This is very helpful when breaking up websites that have nested directories or for breaking up the directories themselves when they have more pages than your computer can handle on one crawl.
This functionality is also extremely helpful when working with a CMS that auto generates dynamic pages. If you start a crawl and you begin noticing a large number of the URLs being pulled in have dynamic segments like “?search=” or “?tag=” you’ll most likely want to add those URL segments into the exclude section to clean up your results and reduce the amount of unneeded pages crawled.
Below are a few regular expression examples of the exclude functionality that Screaming Frog highlights on their website.
TIP: It can sometimes be tricky to break up individual directories that have more indexed pages than your computer can handle. You’ll need to leverage both the include and exclude functionalities to accomplish this task.
One possible solution is to break up the directory by URL keyword usage. If a large portion of the URLs in a directory have a specific keyword in them you can use it to your advantage. Run one crawl including URLs in the directory that contain the targeted keyword and then run a separate crawl where you include the directory and exclude the keyword.
The best solution to this problem usually depends on the specific website you’re trying to crawl. Spend some time getting familiar with regular expressions. If you do, you’ll discover many different options for breaking up large directories into crawlable chunks.
Here are a few additional tips that can be helpful for setting up Screaming Frog and crawling large websites.
- If you have a 64-bit machine, ensure you download and install the 64-bit version of Java. If you don’t you’ll run into the error displayed below.

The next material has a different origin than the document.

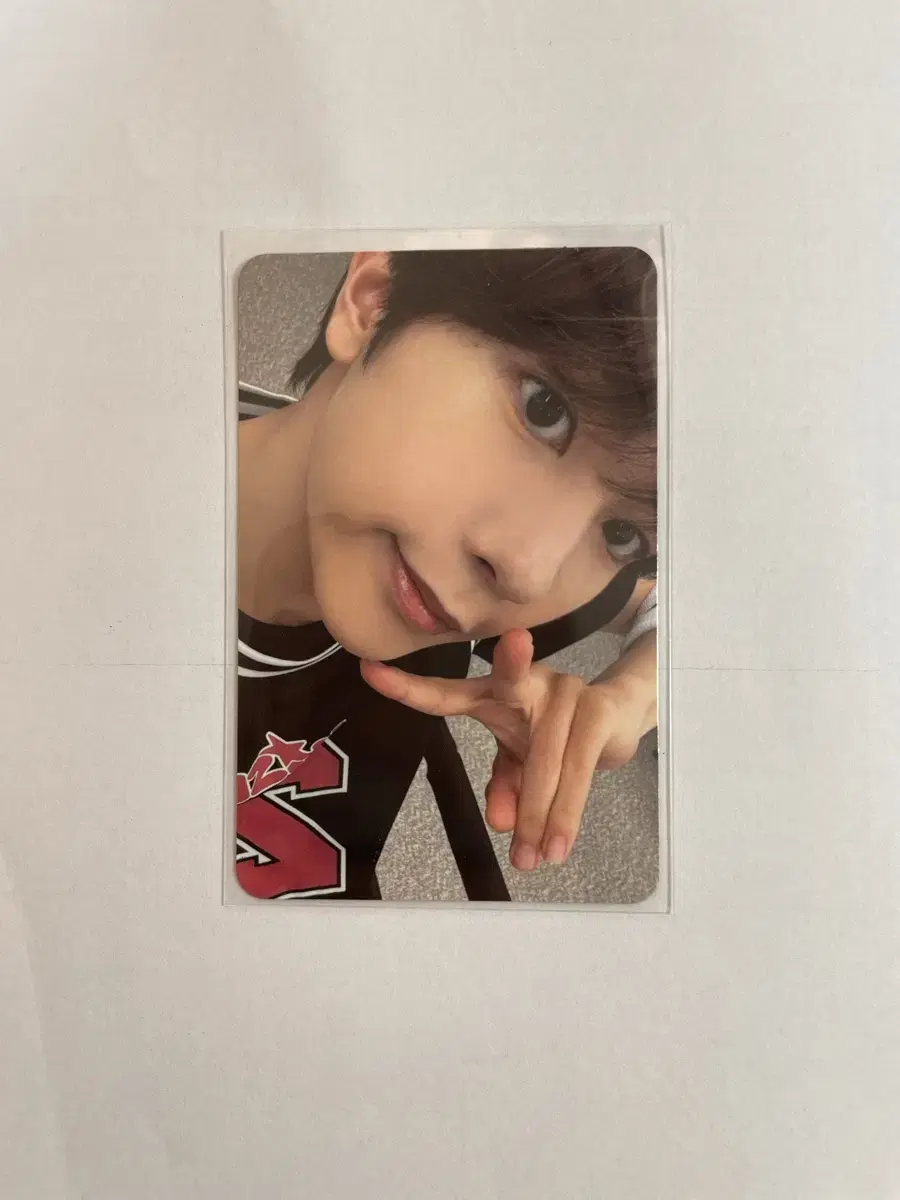 nct wish ryo photocard steady qalver alpo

- Save crawl backups when getting close to your maximum RAM usage. For example, if your computer can usually handle 700,000 URLs per crawl and you’re in the middle of a crawl that just passed 600,000 URLs it’s a good idea to pause and save in case the high RAM usage eventually causes your computer to freeze up. There’s a default setting in Screaming Frog that’s supposed to pause the software on high memory usage but I’ve experienced situations where it doesn’t always work.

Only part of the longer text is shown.